Here’s a prediction of future climate generated each time the page is refreshed. Note that the RE and r2 statistics are calculated automatically.
The data in blue is the instrumental data (courtesy of the CRU) and the red is the prediction of future temperatures for the next 100 years.
Let Dave Stockwell explain:
The validation is based on the 11 points at the end of the temperature record not used in generating the simulated points. Two statistics were calculated and can be seen on the figure:
- The R2 correlation is ubiquitously used for quantifying the strength of association of two variables. A critical value of 0.1 would indicate a possible mild correlation, but values closer to one indicate significance.
- The RE reduction of error statistic is used in dendroclimatology and in the “Åhockey stick’ reconstruction of MBH98, where critical values greater than zero are claimed to indicate significance of the model. RE is claimed to be superior to the R2 statistic in WA06.
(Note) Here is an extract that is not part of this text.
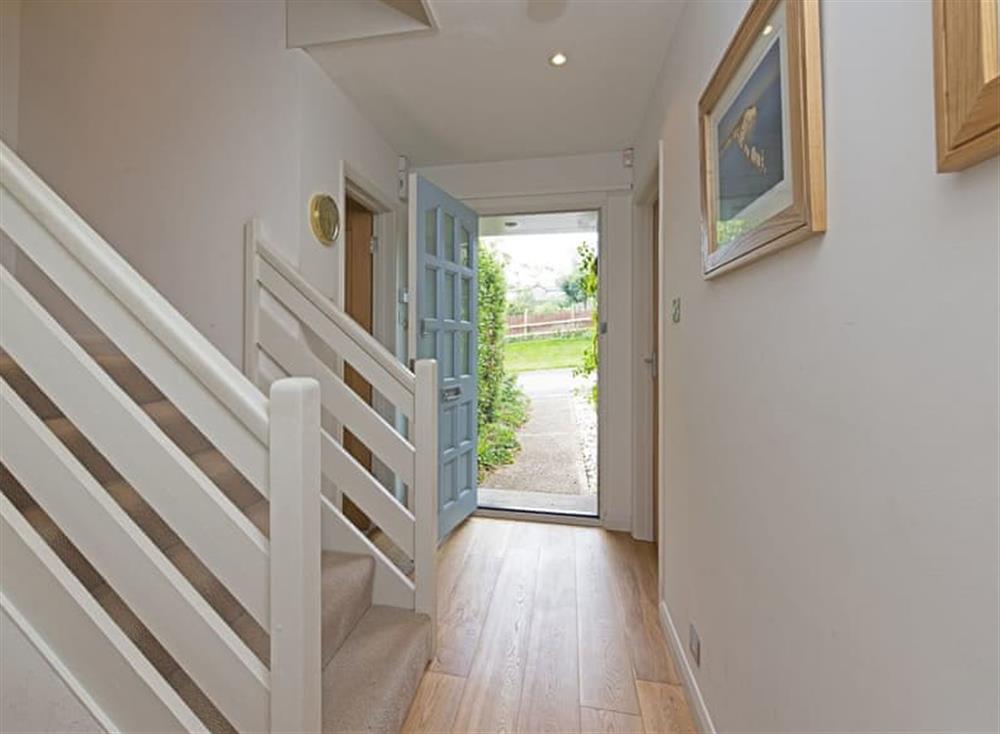 Hallway at 2 Steyne Cottages in , Ryde & East Wight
Hit reload a few times to get a feel for the average of the statistics. The R2 statistic is usually close to zero indicating the prediction has no statistical skill over the validation period. The RE statistic, however, is always greater than zero, and often greater than 0.5.
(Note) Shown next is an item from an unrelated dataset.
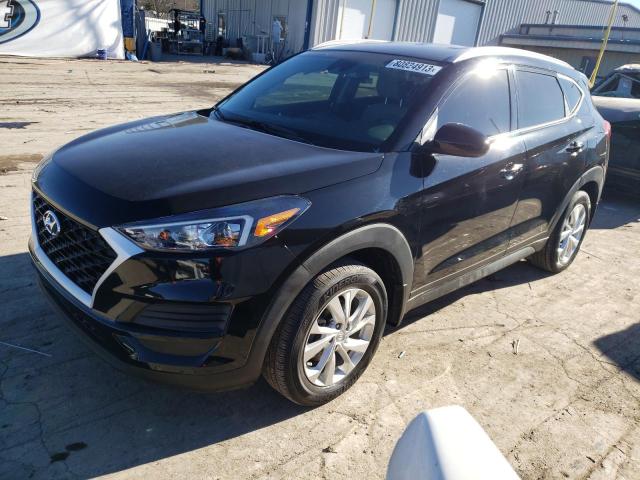 2020 HYUNDAI TUCSON LIMITED 2020 image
MBH98 uses an RE benchmark of zero to indicate significance. The random numbers here give RE statistics greater than the critical value of zero. Therefore, using the RE statistic with a critical value of zero would attribute statistical skill to random numbers. That is, under criteria used in MBH98, random numbers could be regarded as skillful predictors of future temperatures.
This example illustrates (if the code is correct) a situation, similar to MBH98, where the R2 statistic correctly indicates no statistical skill in the predictions, but the RE statistic erroneously indicates statistical skill.
Conclusions hinge on the choice of statistic and where you set the benchmark. MM05 obtain a critical value for RE of greater than 0.5 using random red-noise data in a replication of the procedure used in MBH98. Non-existent statistical skill of the models is one of the main arguments in MM05 against the reconstruction method in MBH98.
So there you have it, statistical skill or not? If the statistical tests can be equalled or bettered using random numbers which have long-term persistence, then the next IPCC review, just like the previous one, will contain just as much information to inform policymakers as a table of random numbers. If this is so, then why are climate journals still publishing studies with just this behavior?